The A's have won five of six and four in a row coming into this series, but that run was preceded by a six-game losing streak. Such is the nature of a .500 team. The A's are no better than that and don't strike me as a serious threat to the Rangers in the West despite the fact that first and last place in the division are currently separated by a game and a half in that division. They are a significant threat to the Yankees this week, however, as they'll run out all three of those young stud starters while the Yankees counter with the rabbits-foot brigade, which is to say, anyone in their rotation who isn't CC Sabathia.

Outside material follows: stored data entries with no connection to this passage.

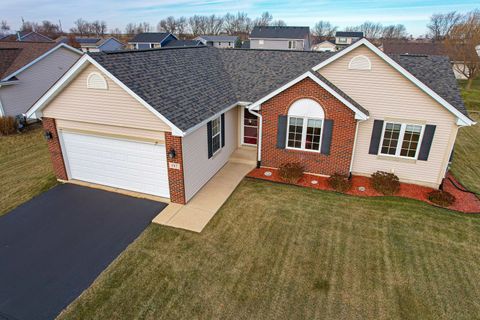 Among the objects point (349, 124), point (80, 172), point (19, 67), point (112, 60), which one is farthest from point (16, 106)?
point (349, 124)

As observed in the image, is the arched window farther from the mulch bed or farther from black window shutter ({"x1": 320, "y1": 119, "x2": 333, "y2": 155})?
the mulch bed

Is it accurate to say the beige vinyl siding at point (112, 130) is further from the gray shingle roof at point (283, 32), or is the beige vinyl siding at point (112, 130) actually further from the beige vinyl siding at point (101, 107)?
the gray shingle roof at point (283, 32)

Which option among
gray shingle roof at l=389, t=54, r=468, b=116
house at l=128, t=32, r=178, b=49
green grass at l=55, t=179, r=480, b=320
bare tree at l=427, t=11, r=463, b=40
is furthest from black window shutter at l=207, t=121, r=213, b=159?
bare tree at l=427, t=11, r=463, b=40

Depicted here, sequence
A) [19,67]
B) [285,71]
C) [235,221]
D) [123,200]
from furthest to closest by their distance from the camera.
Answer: [19,67]
[285,71]
[123,200]
[235,221]

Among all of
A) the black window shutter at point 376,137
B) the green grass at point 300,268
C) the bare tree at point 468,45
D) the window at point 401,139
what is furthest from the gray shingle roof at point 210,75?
the bare tree at point 468,45

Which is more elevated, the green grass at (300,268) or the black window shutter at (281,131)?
the black window shutter at (281,131)

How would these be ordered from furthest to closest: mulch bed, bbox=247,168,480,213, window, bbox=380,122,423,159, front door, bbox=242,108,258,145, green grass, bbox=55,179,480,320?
1. front door, bbox=242,108,258,145
2. window, bbox=380,122,423,159
3. mulch bed, bbox=247,168,480,213
4. green grass, bbox=55,179,480,320

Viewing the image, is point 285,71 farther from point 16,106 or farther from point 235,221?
point 16,106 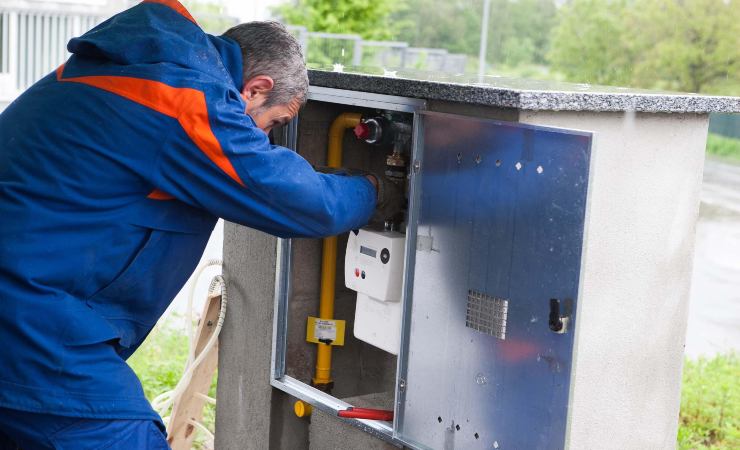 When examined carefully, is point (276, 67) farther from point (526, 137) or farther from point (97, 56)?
point (526, 137)

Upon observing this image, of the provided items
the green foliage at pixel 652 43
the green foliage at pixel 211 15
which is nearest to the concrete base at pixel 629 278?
the green foliage at pixel 652 43

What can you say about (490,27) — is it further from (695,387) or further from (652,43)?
(695,387)

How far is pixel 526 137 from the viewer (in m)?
2.30

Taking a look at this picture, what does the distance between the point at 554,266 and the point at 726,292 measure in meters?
5.56

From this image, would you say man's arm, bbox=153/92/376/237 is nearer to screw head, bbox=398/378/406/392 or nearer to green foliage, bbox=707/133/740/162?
screw head, bbox=398/378/406/392

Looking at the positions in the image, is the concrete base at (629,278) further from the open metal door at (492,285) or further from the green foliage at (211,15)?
the green foliage at (211,15)

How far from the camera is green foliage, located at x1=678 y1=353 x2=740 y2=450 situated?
464 centimetres

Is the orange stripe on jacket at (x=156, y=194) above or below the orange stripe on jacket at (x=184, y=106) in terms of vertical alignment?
below

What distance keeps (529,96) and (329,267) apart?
1.18 m

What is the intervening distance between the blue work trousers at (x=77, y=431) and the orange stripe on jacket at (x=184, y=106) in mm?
666

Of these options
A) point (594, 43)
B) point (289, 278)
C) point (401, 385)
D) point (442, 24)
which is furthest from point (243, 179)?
point (442, 24)

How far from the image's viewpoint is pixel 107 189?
232 cm

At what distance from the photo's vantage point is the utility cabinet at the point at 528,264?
228cm

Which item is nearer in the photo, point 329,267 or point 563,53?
point 329,267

Bartolo Colon (2-3, 3.77) vs. Trevor Cahill (6-2, 2.02), Monday, May 30, 4:05, YES
Just 23 and already in his third full season in the A's rotation, righty Trevor Cahill is emerging as one of the best young pitchers in the major leagues. After a pedestrian rookie season, Cahill took a huge step forward last year, making the All-Star team, finishing fourth in the league in ERA (2.97), winning 18 games, and finishing ninth in the Cy Young voting. Luck on balls in play contributed significantly to that success; per Baseball Prospectus, his .237 BABIP was the lowest among American Leaguers with 80 or more innings pitched last year. As expected, that number has corrected itself this year, but only to .275 thanks in part to his strong groundball rate. Beyond that, Cahill has upped his strikeouts significantly (from 5.4 K/9 last year to 7.1 K/9) while holding the the line on walks and homers. Mix in his friendly home ballpark (his ERA is 1.3 runs lower at home) and Cahill is right back among the league leaders in ERA and wins.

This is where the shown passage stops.